Cyclospora is a Growing Problem in the US
Laboratory tests confirm cyclospora have infected more than 580 people this year. Last year was also concerning, with one of the highest to-date numbers of the illness ever reported in America- over 200. Most of the cases throughout the years have come from people eating in restaurants.
Part of the problem is the increasing globalization of the food supply chain. Food products can cycle through five or six parties before finally ending up on a plate. With each pair of hands along the way, there is a greater opportunity for spreading disease. The restaurants most likely to make people sick are those who avoid shipments from areas known to be at risk for cyclospora and other foodborne germs.
What is Cyclospora?
Cyclospora is a microscopic parasite that causes the illness cyclosporiasis. People get sick from this parasite by consuming food or water that was contaminated with feces. Eating in restaurants and traveling to developing countries where the disease is endemic increases the risk of becoming ill.
To spread, the parasite must incubate in the body for 1-2 weeks before the infected person will pass it in a bowel movement. This is why person-to-person contamination is rare, and cyclospora is more often considered to be a foodborne illness. Symptoms include:
- Watery diarrhea, which can be frequent and explosive
- Loss of appetite
- Weight loss
- Stomach cramps/pain
- Increased gas
Some victims may also experience vomiting, body aches, headache, fever, and other flu-like symptoms. Victims commonly feel very tired. Without treatment, cyclosporiasis can drag on for a month or longer. It is also common for the symptoms to improve and then relapse one or more times. It is also possible to be re-infected as family members pass the illness back and forth.
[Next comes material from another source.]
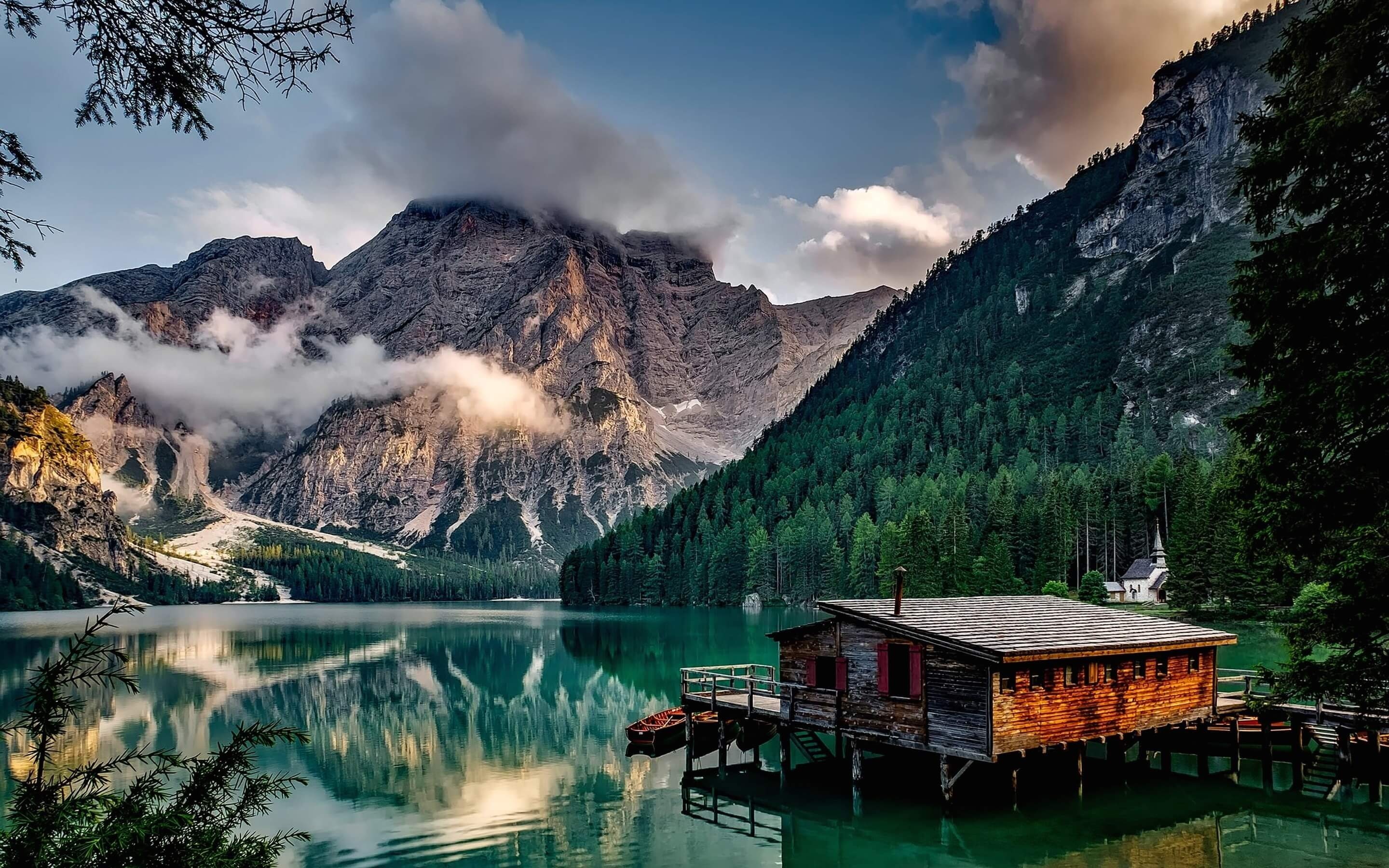 mountain, non-urban scene, nature, lake, Italy, waterfront, 2K, no people, tranquil scene, building exterior, Lake Pragser, mountain range, formation, HD Wallpaper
Treatment involves two or more antibiotics at once, as well as plenty of rest and fluids. Like any type of food poisoning, take your symptoms seriously and get medical attention if you suspect complications.
How to Avoid Cyclospora Infection
Here are some tips for how to avoid cyclospora infection:
- The first step to avoid cyclospora infection is to avoid any food or water that may have come into contact with feces. Imported fruits and vegetables have a higher chance of infection than other foods.
- Wash your hands, all surfaces, and utensils after handling or preparing produce.
- Clean all produce under running water before cutting, eating, or preparing them.
Even the most conscientious consumer can unwittingly purchase food that has contaminants on it. Unfortunately, this leaves consumers at risk for developing serious illness.
Food suppliers have a responsibility to consumers to offer food that is free from contamination and parasites. When they fail in that responsibility, they can and should be accountable for the illnesses that follow.